Drame de Emin Alper, 2h08

Welcome to Yaniklar, a remote town in Türkiye. In the midst of a heat wave, water is rationed. The water tables are exhausted, the drought causes destructive craters, but the mayor intends to be re-elected by promising the population that the taps will flow freely. The reference to An Enemy of the People is no accident. Turkish director Emin Alper cites Ibsen’s play as one of his main sources of inspiration. Burning Days, presented at the last Cannes Film Festival in the Un certain regard section, is a western and a paranoid thriller. The more Emre investigates and sends the notables to prison, the more he himself builds the trap that will end up locking him up. Prison is also mental. It represses homosexual desires. Emre’s visions are therefore indefinable. Memories, hallucinations or fantasies, the failing memory of the young prosecutor is rebuilt in a chaotic way. The puzzle pieces never fit together perfectly. The truth slips away. E.S.

Animation by Phil Tippett, 1 h 25.

After three decades of procrastination, patience and determination, the special effects magician of Star Wars, Robocop, Starship Troopers or Jurassic Park Phil Tippett is finally releasing his most personal film on the screens. The plot of this film entirely made in “Stop-motion” (image by image) resembles an underwater exploration Jacques-Yves Cousteau style. A corroded diving bell descends from the sky amidst a ruined city. A masked character comes out and walks through a labyrinth of bizarre landscapes inhabited by singular inhabitants. He has a mission. He goes to a base of explosive suitcases to introduce an explosive… But everything does not go as planned… A hallucinated visual poem without words, Mad God looks like a space-opera of puppets where an infinity of bizarre creatures and monsters. Dragged into a nightmarish spiral, the main protagonist ventures into the depths of an apocalyptic abyss as if to methodically map out the circles of a dantesque hell. After thirty years of gestation, Phil Tippett’s unclassifiable film imposes a very dark and cruel vision of a humanity in decline. But it is constantly enhanced by a biting humor worthy of Monty Python… O.D.

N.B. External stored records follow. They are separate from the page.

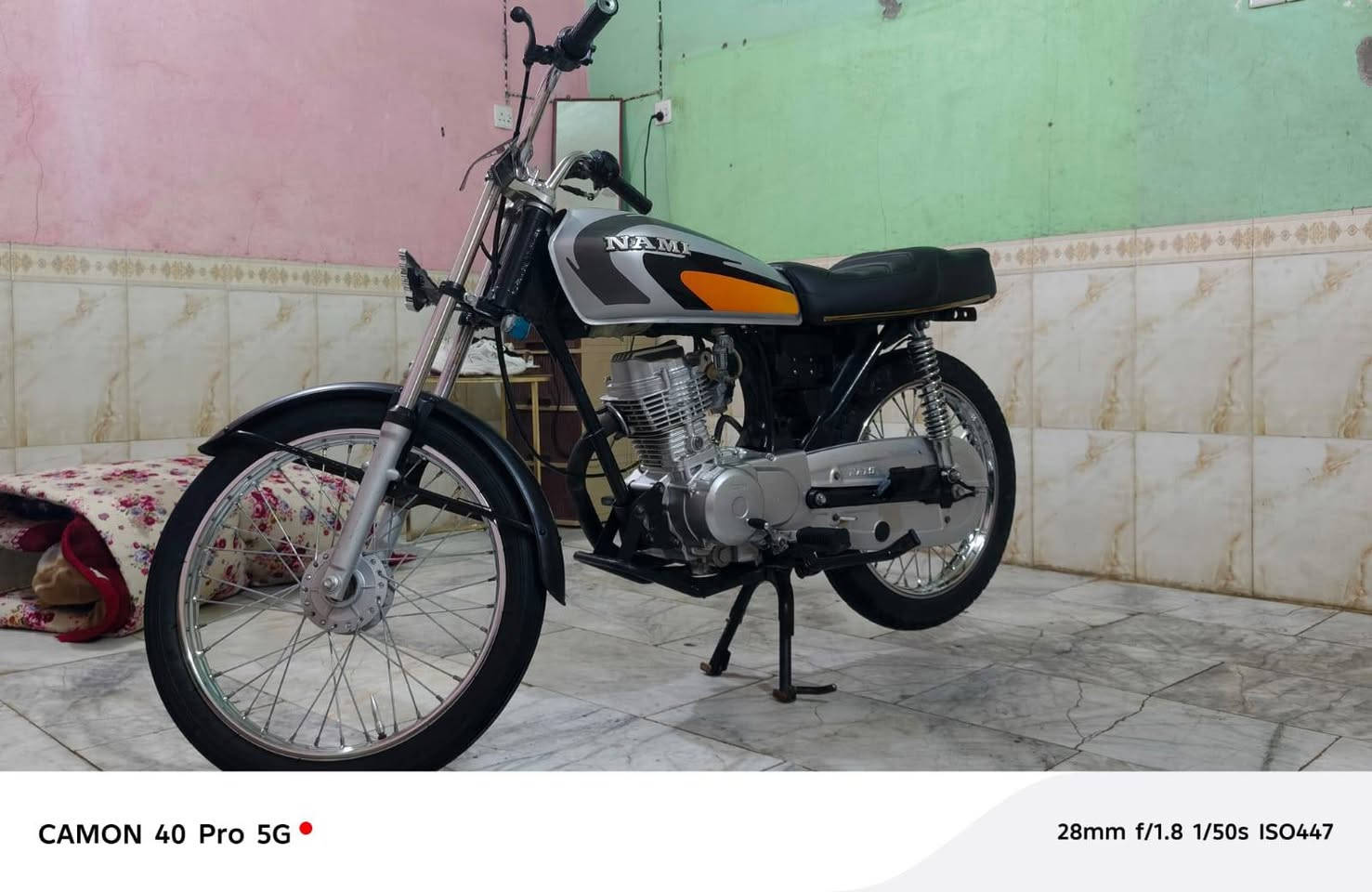 سلام عليكم دراجه نامه اصلي كلك كلك كلك دراجه تعمره 2025 دراجه احلاء من الصور شلعه معدل خير من الله كله جديد بربع ماذب عليها العنوان الناصريه مركز الرقم *********** رجاء مو شراي لا يتعبني السعر 675  او بيها مجال حك جيه ♥
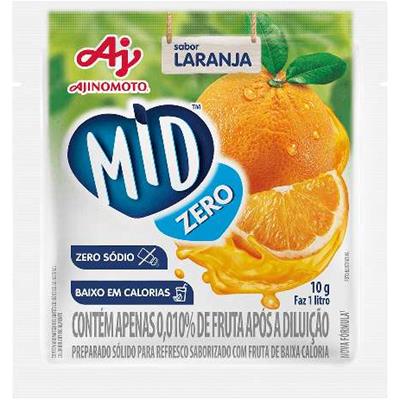 SUCO EM PÓ SABOR LARANJA ZERO FIT 10G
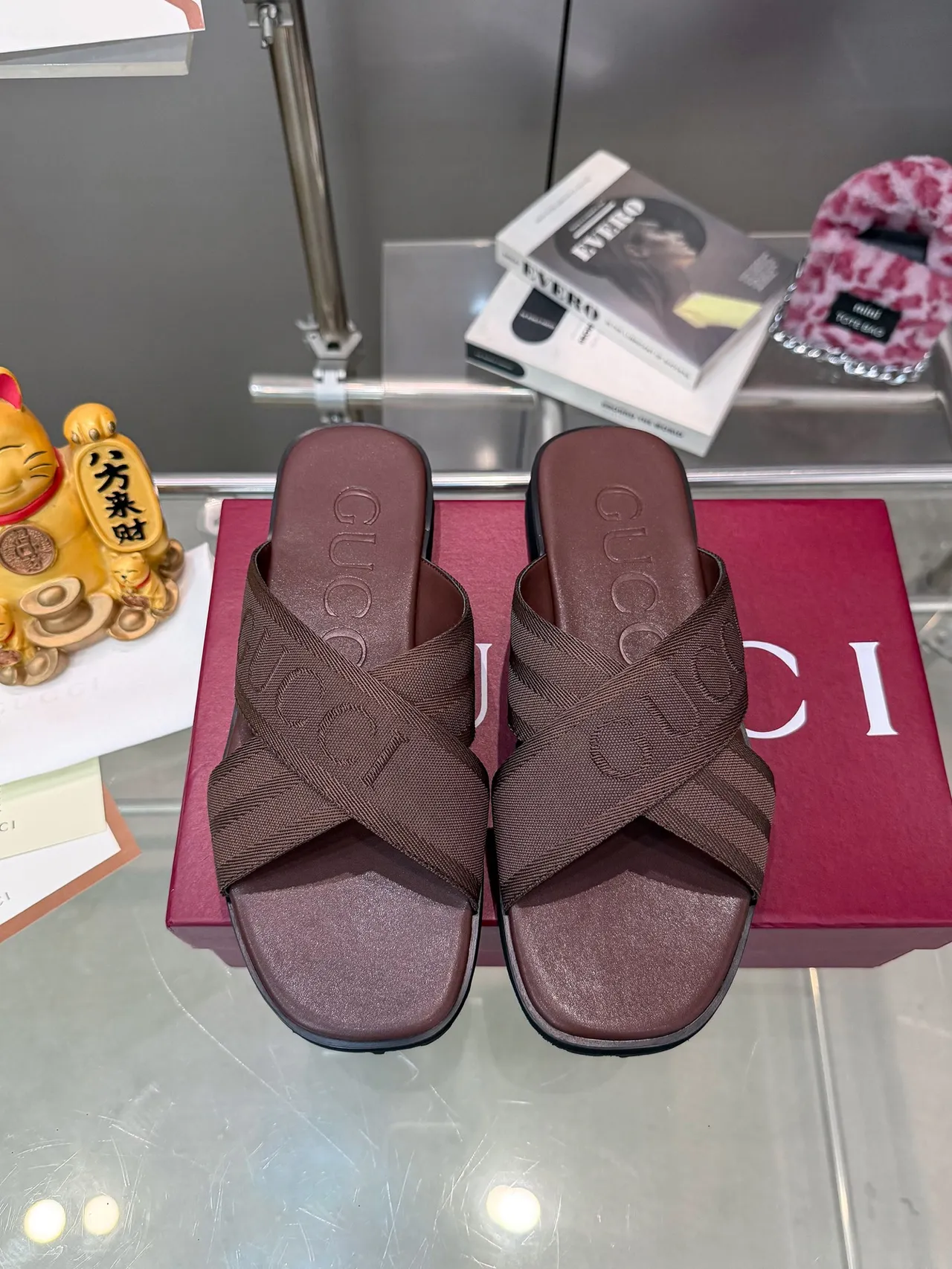 Gucci Logo Strap Slide Casual Sandals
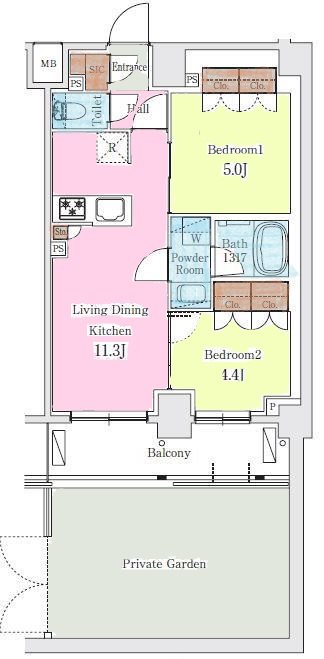 リビオメゾン東北沢 間取り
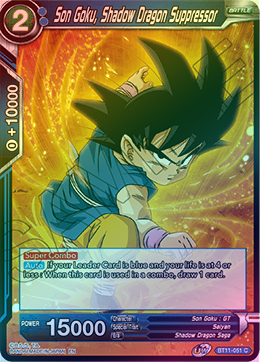 Son Goku, Shadow Dragon Suppressor - BT11-051 - Common (FOIL) available at 401 Games Canada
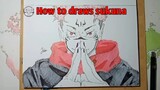 how to draws sukuna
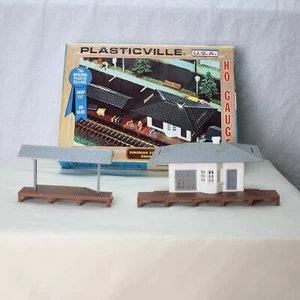 Plasticville USA HO Scale Suburban Station #2806 Complete (b) - Picture 1 of 17
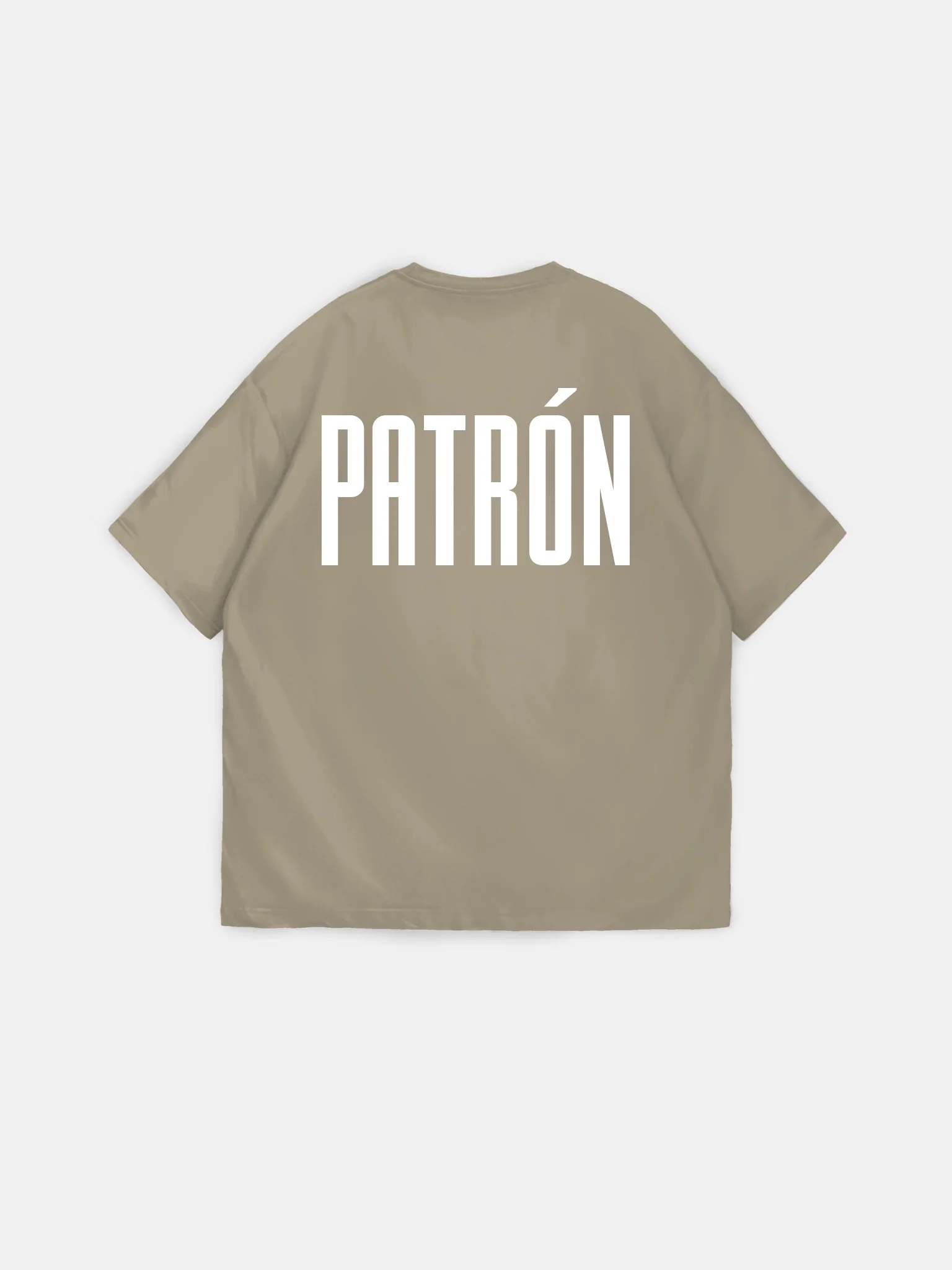 Oversize Patron T-Shirt - Beige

Drame de Wissam Charaf, 1 h 23

Ellipses, tight framing, few dialogues. The director employs an elegant sobriety to tell this love story which would have everything to be dark. In an inhospitable Beirut, a survivor of the war in Syria loves an Ethiopian handywoman, sometimes treated like a slave. They will escape. Their romance is delicate. Perhaps, only, she could have given birth to a more daring intrigue. B.P.

Dramatic comedy by Andréa Bescond and Éric Métayer, 1 h39

Five years after Les Chatouilles, André Bescond and Éric Métayer imagine the residents of a retirement home forced to live with the students of an elementary school whose canteen is under construction. An unlikely scenario intended to bridge the gap between generations. A bit like Michel Blanc going back to school in Les Petites Victoires. When you grow up, under its exterior of a family comedy, nevertheless has the merit of showing old age, aging bodies and death without taboos. E. S.

Drama by Kim Chapiron, 1 h 38.

Ali, a young teenage thief, is sent to the village in Mali by his mother to be educated by an imam. He returned to France ten years later, converted into a modern and tolerant Muslim, acclaimed to become the new imam of the city. His popularity is enhanced when he organizes a pilgrimage to Mecca. Things get complicated afterwards, but it’s hard to grasp what’s at stake in the scenario, inspired by a true story. Like what the truth is not always enough. E. S.

Drame de Hajime Hashimoto, 1h30

A stroll through 18th century Japan, when the Samurai raided the streets of theater artists and print painters. This is where Hokusai, an angry young man, finds his way in painting. A picturesque biography but a little too strong for the delicate art of printmaking. The camera strives to bring The Wave or the Views of Mount Fuji into the painter’s walks and wanderings. The master deserved a more inspired evocation A. B.